Communication is my top all-time tip for any youth who feels the negativity of bullying. Mentors are a positive source and can provide that light youth may feel impossible to see. Talking through the incident with someone can oftentimes give a new perspective and remedy to the situation. I didn't reach out when I was cyber-bullied because I felt humiliated and embarrassed even though I knew I had done nothing wrong. Again, school and friends were my world and that world had been shattered. Never feel ashamed...reach out and talk it out! We are living in a world of instant communication. Safety on all levels is vitally important to youth, however the idea of parents having access to their child's social media accounts is met with great resistance. Teens want their privacy and parents want to protect their kids from the unknown. Here's my suggestion for a great compromise: It's no longer considered "weird" or "lame" for parents to have social media such as Instagram or Facebook. So, by agreeing to allow their parents to follow them on social media, teens are maintaining a certain level of privacy, while also keeping their parents in the loop as well. Oftentimes we reflect our feelings and emotions through social media, so if a teen is suddenly posting sad quotes, or just simply stops posting all together, this could be an alert for parents to ensure that their chid is happy.

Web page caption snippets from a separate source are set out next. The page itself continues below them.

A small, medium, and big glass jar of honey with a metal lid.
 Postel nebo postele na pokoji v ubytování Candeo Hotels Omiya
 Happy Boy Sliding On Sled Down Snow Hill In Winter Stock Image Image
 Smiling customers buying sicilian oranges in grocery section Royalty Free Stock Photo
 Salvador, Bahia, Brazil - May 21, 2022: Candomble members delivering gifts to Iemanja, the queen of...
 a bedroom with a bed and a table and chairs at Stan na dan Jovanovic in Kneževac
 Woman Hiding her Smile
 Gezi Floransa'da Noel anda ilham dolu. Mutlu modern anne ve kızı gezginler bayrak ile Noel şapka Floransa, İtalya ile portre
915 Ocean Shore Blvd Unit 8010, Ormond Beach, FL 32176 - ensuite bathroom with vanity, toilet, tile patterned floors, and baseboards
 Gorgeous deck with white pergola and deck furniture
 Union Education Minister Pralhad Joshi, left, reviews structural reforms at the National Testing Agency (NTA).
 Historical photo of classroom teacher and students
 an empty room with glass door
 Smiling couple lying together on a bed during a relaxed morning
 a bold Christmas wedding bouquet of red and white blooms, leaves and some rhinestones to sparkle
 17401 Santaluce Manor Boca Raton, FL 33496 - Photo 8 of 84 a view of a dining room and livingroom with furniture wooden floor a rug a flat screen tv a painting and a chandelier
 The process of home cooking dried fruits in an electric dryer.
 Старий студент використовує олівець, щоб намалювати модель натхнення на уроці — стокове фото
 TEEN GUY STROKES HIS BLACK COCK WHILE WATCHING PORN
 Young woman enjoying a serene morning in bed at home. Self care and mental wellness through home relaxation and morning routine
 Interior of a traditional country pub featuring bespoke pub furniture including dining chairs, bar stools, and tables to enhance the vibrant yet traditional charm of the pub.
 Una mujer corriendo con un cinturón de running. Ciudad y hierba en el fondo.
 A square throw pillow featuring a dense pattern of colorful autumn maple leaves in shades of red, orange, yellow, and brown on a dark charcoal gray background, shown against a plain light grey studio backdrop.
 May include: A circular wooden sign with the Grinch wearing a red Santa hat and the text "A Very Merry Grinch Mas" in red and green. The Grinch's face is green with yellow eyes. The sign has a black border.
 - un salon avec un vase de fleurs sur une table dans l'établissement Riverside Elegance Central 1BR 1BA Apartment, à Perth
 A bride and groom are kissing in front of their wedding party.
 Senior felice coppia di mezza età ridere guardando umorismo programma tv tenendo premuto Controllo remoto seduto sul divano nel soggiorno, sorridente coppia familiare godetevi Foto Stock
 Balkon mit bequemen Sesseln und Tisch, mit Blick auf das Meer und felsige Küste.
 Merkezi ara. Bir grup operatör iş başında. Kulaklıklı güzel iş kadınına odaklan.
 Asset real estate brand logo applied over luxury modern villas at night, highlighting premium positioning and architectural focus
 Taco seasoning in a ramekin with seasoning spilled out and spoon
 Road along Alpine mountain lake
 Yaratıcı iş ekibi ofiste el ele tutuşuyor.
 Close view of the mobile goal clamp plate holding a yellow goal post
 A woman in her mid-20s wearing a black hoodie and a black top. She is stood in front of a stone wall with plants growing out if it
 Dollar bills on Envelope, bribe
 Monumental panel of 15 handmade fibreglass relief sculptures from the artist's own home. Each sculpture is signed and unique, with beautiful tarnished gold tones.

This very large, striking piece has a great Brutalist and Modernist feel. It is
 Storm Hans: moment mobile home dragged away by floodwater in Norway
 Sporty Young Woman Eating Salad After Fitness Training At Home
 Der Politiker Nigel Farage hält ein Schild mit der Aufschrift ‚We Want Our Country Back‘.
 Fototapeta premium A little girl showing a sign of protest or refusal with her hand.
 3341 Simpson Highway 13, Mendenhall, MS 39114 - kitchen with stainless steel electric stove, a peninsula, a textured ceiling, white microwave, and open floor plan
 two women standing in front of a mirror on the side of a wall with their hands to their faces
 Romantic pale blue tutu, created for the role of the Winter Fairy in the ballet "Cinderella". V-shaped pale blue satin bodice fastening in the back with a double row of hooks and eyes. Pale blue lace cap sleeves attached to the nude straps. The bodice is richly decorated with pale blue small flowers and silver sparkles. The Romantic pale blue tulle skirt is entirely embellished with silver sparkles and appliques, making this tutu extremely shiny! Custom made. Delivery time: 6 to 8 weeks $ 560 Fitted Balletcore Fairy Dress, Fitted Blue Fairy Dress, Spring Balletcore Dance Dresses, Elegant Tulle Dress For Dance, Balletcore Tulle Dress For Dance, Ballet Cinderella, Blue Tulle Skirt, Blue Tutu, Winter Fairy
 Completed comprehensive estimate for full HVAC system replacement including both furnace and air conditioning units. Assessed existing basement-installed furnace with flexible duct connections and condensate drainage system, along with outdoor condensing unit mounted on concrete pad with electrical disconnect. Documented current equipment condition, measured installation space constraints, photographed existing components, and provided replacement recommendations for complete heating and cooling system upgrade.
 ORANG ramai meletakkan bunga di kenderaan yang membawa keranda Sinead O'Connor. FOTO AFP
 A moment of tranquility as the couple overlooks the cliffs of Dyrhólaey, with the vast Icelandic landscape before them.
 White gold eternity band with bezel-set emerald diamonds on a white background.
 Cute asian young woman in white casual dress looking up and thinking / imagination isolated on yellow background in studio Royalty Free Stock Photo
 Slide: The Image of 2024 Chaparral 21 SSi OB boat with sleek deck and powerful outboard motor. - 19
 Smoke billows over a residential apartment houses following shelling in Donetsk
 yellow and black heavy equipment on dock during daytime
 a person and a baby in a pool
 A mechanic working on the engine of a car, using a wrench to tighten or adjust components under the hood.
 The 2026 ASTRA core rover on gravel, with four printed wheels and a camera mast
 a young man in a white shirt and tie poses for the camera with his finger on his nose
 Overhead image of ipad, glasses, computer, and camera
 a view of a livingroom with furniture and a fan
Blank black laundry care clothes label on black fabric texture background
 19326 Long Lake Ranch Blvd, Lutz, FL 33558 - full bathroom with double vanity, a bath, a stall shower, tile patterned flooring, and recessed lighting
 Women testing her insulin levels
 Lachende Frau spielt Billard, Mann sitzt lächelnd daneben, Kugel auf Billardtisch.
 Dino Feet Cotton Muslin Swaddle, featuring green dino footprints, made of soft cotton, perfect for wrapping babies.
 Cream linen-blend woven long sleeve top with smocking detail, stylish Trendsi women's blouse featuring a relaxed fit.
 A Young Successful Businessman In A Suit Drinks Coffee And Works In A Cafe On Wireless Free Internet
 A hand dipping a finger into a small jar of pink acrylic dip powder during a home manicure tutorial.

The power of confidence gives youth a positive edge on dealing with negativity. Those who choose to bully many times lack self-esteem and confidence, resulting in feelings of jealousy that turn to hate. Youth that lack attention and/or are bored have a tendency to become a bully. Finding a hobby or passion while surrounding oneself with like-minded friends can play a positive role in a youth's level of confidence and self-esteem.
My generation Z's world of communication has launched to a new galaxy. Further education, empowerment, communication and mentorship will allow us to rock a world gone cyber.